Geoffrey Munroe represents plaintiffs in high-profile class action and mass tort cases in both federal and state courts throughout the United States. He was selected as a Rising Star by Northern California Super Lawyers, recognizing him as one of the best young attorneys practicing in Northern California, and as a Northern California Super Lawyer. He is the co-author of “Consumer Class Actions in the Wake of Daugherty v. American Honda Motor Company,” CAOC’s Forum Magazine, and a frequent contributor to the Class Action Litigation Group Newsletter of the American Association for Justice.

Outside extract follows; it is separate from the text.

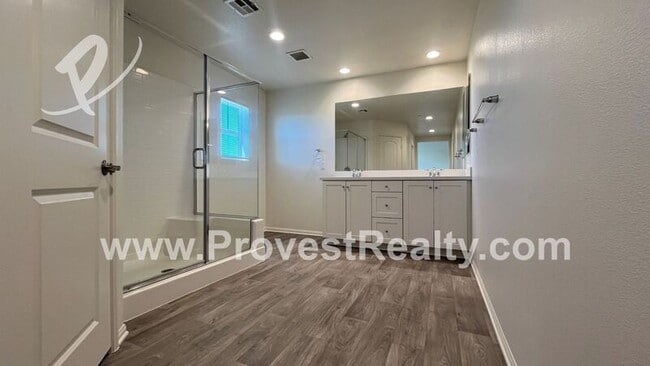 Building Photo - 10868 Quarter Horse Ave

Mr. Munroe is a 2003 graduate of the University of California at Berkeley (Berkeley Law), where he was the recipient of the American Jurisprudence Award in Torts, Business Law & Policy and Computer Law. He received his undergraduate degree in chemistry from the University of California at Berkeley in 2000. Mr. Munroe is a member of the Public Justice Class Action Preservation Project Committee, the Class Action Litigation Group of the American Association for Justice and the Consumer Attorneys of California. He is a member of the California Bar and is admitted to practice before the United States Court of Appeals for the Ninth Circuit, as well as the United States District Courts for the Northern, Central and Southern Districts of California.
Key member of the briefing team in this decade-long litigation that achieved a nationwide class action settlement on behalf of approximately 5 million consumers of Intel Pentium 4 processors. The lawsuit changed Intel’s benchmarking practices and Intel agreed to a cash settlement for the class, along with $4 million in charitable donations.
Key member of the litigation team in this multidistrict case alleging that Chase Bank wronged consumers by offering long-term fixed-rate loans, only to later more-than-double the required loan payments. The litigation resulted in a $100 million settlement with Chase eight weeks prior to trial.
Key member of the litigation team in this multi-district litigation alleging that Mercedes-Benz failed to disclose to its customers that the “Tele Aid” equipment installed in their vehicles would soon be obsolete and require an expensive replacement to keep working. Resulted in a class settlement providing for cash reimbursements of $650, or new vehicle credits for up to $1,300.
Key member of the briefing team that achieved certification of a nationwide class alleging Hyundai sold vehicles with defective flywheel systems, before ultimately reaching a favorable settlement for the class.